Processing molecule: 1-(N,N-diphenylamino)pyrene
Number of hydrogen atoms in the NMR spectra: 19
Number of H atoms in the molecule 1-(N,N-diphenylamino)pyrene: 19
The number of peaks in the NMR spectra is 2, the calculated peak number from the SMILES is 12.
Processing molecule: 1-[N,N-di(4-methylphenyl)amino]pyrene
Number of hydrogen atoms in the NMR spectra: 23
Number of H atoms in the molecule 1-[N,N-di(4-methylphenyl)amino]pyrene: 23
The number of peaks in the NMR spectra is 4, the calculated peak number from the SMILES is 12.
Processing molecule: 1,3,6,8-tetrakis-(N,N-diphenylamino)pyrene
Number of hydrogen atoms in the NMR spectra: 46
Number of H atoms in the molecule 1,3,6,8-tetrakis-(N,N-diphenylamino)pyrene: 46
The number of peaks in the NMR spectra is 3, the calculated peak number from the SMILES is 5.
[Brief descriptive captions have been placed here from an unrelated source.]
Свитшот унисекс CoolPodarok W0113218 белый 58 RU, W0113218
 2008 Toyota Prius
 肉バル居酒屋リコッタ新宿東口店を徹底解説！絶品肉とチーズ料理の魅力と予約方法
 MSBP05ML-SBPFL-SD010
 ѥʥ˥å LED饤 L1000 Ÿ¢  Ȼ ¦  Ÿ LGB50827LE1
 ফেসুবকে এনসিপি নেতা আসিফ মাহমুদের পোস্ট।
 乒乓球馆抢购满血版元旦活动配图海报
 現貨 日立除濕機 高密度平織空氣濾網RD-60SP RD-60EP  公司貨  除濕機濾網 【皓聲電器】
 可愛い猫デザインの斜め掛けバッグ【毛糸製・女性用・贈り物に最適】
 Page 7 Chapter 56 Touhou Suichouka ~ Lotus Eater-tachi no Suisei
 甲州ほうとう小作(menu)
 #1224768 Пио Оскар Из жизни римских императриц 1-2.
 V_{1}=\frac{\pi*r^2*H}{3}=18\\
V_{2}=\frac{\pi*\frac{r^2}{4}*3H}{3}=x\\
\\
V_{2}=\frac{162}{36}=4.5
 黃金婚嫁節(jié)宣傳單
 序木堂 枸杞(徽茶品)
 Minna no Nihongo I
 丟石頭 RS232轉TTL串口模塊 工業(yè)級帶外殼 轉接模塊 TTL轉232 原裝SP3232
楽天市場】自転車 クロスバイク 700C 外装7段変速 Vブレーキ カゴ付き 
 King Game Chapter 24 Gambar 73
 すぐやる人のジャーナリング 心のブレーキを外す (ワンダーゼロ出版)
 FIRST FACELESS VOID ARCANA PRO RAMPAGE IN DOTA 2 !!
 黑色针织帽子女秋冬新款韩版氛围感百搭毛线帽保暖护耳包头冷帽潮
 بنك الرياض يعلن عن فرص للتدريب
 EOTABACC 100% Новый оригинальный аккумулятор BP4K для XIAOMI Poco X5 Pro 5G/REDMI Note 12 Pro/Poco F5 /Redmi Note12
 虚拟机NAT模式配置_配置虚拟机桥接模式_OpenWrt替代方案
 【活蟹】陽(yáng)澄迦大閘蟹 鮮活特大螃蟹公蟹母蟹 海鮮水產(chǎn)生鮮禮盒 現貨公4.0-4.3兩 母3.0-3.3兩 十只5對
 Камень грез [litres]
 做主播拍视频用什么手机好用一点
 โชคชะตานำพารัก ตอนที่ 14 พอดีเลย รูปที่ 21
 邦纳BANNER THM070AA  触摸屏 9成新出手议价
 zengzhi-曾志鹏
Processing molecule: 1,3,6,8-tetrakis-[N,N-di(4-methylphenyl)amino]pyrene
Number of hydrogen atoms in the NMR spectra: 62
Number of H atoms in the molecule 1,3,6,8-tetrakis-[N,N

One could use the matching of hydrogen atoms and number of peaks as a validation of the extracted data. Since hydrogen atoms with a very similar environment could appear in an NMR spectra as one overlapped peak, the calculated number of peaks could deviate from the observed one. To meet this challenge, one could score the extracted datapoints based on their deviation from the calculated values. For example, if one molecule does not have a matching peak number and hydrogen number, one could delete the datapoint. If just one value mismatches, one could give this datapoint a lower weight for model training.